Says Recently Retired Athlete: “Wait, what? Am I supposed to be psyched about facing down the next sixty years of my life with absolutely no idea what I want to do or how anyone will ever give me a job when all I’ve ever done with my life is (choose one): skate in circles, push a big sled, lift and lower some weights, ski downhill really, really fast, kick a ball into a net…? It IS the end of the world!!”
Ah yes, the bridge that all athletes must cross one day.
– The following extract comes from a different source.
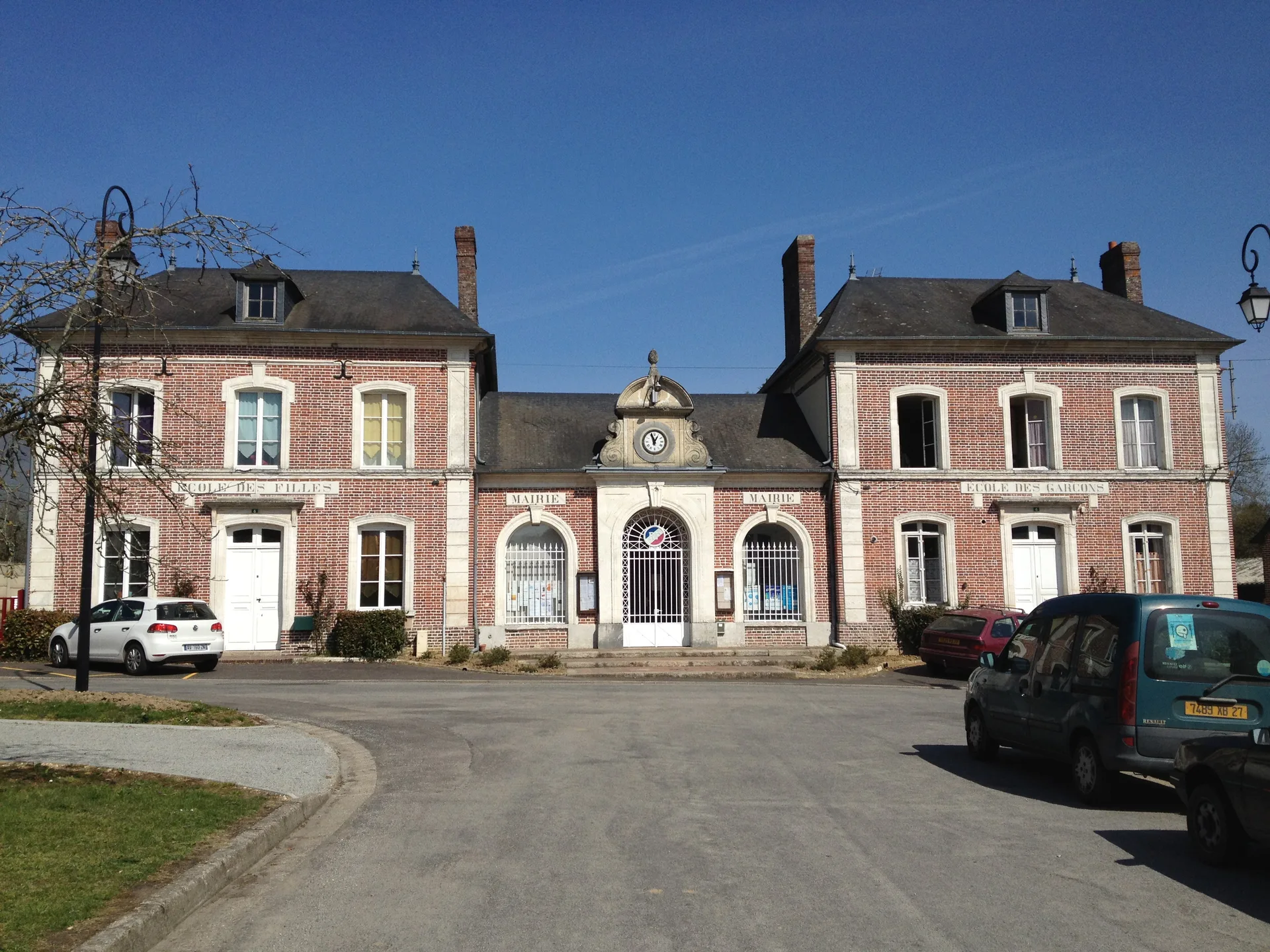 Ballastiere de Fontaine la Soret à Nassandres sur Risle — À 1,1 km du lac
From HERE, where it is safe and comfortable, where people take care of me and I’m like the best in the world at something really important, to THERE, where I am unsure and scared, where I feel alone and like I’m not good at anything.
The fear is only natural, but not fatal, says Lumsden, who works in business development for Resource Merchant Capital. “I think that a lot of people get scared once they come to that bridge, but they need to understand that there is opportunity out there. You can’t close yourself off, you have to try to be more open and understand that you bring a lot to the table as an athlete.”
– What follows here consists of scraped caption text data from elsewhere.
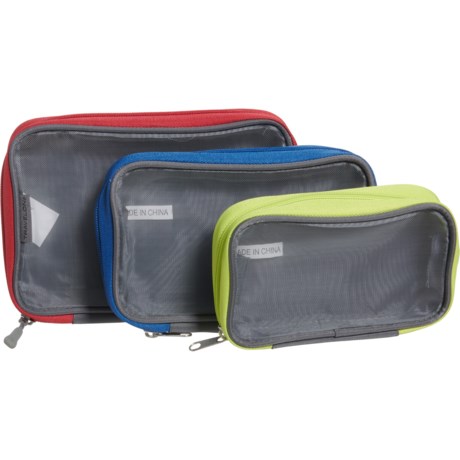 Travelon Mesh Packing Pouches - Set of 3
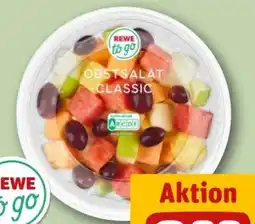 REWE Center Rewe to go Obstsalat Classic Angebot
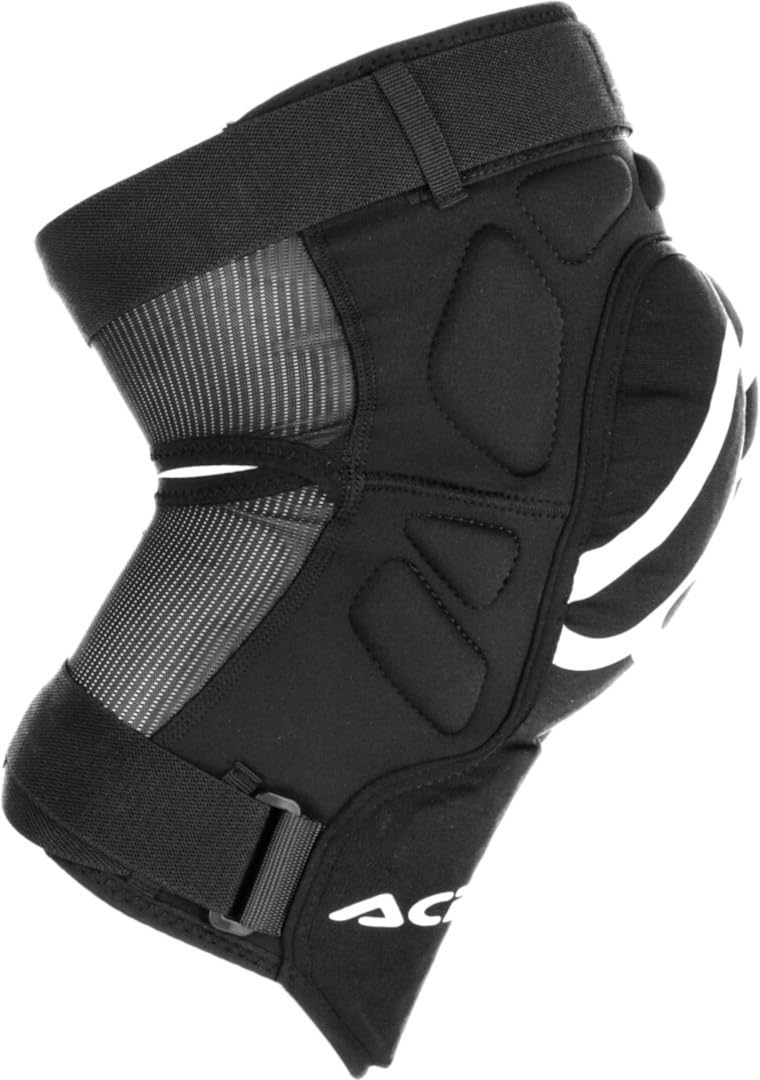 Acerbis Soft Protezioni per le ginocchia, nero, unica taglia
Bridging that gap is what Lumsden and fellow Canadian athletes, all at different stages of their careers, were doing in Calgary at the recent Game Plan Summit hosted by the Canadian Sport Institute Calgary. Game Plan, powered by Deloitte, is Canada’s total athlete wellness plan whose mission is supporting national team athletes to live better and more holistic lives, during and after their careers.
The summit featured keynote speakers, panel discussions, breakout sessions and networking opportunities, all geared towards getting through transition. Whether transition is staring a recently retired athlete in the face, or still years away for others, like Paralympic superstar in cross-country skiing, Mark Arendz, there was something for everyone to start preparing for what could be next.
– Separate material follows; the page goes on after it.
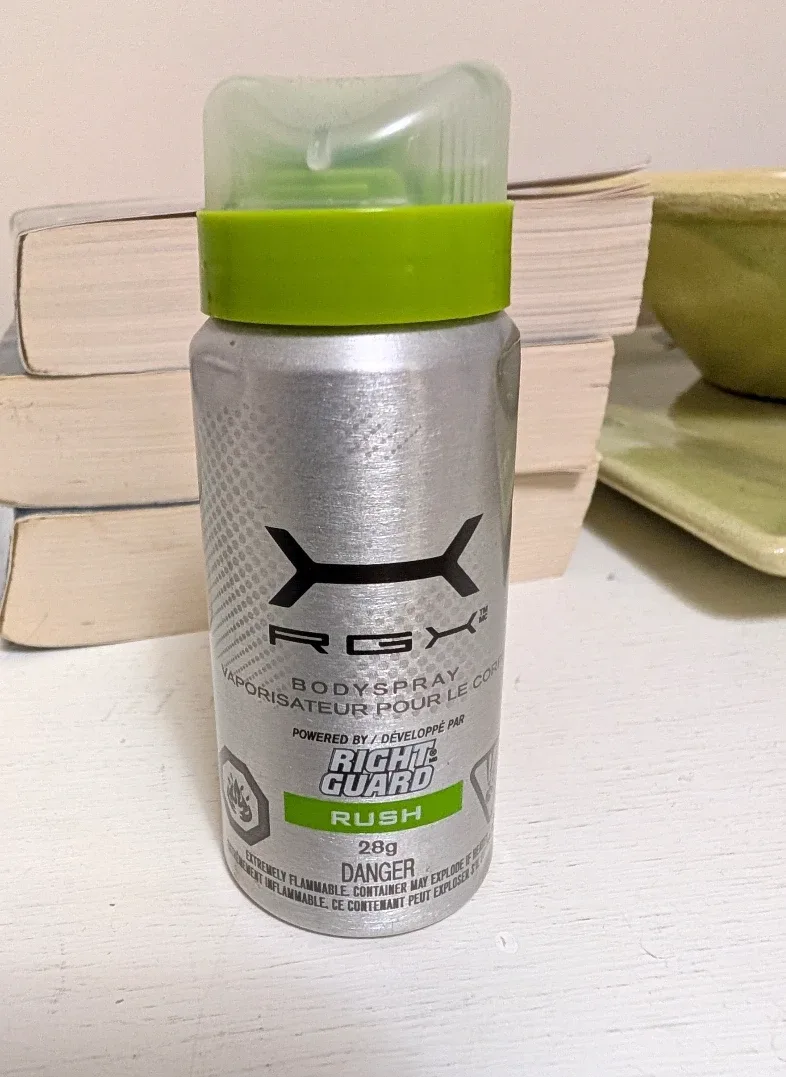 Free Travel Body Spray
Arendz, who won six medals at the 2018 Paralympics, says he’s had trouble in the past finding balance between school and sport, and hopes that Game Plan can help him stay on track in sport and for the future.
“I’ve always believed that having a plan for what’s next after a goal or a career in cross-country skiing and sport helps with the moment, living in that moment and performing in that moment. So that’s kind of why I wanted to come here and get that start on it,” he explains.
Lumsden says athletes have so much to offer and if they understand that they can translate those skills, they’ll see they have a lot of potential outside sport too. “I think athletes need to hear that, they need the confidence, but they also need to know it’s not easy,” he says. “It’s going back to square one again.”
Says Game Plan Attendee: “Ok, phew. It’s all going to be okay. I’ve got tools, I’ve got resources and heck, I’ve been to the Olympics! I know Game Plan has my back and even though I’m not exactly sure how it will all turn out, I know I’ve got what it takes to be world-class at whatever I put my mind to.”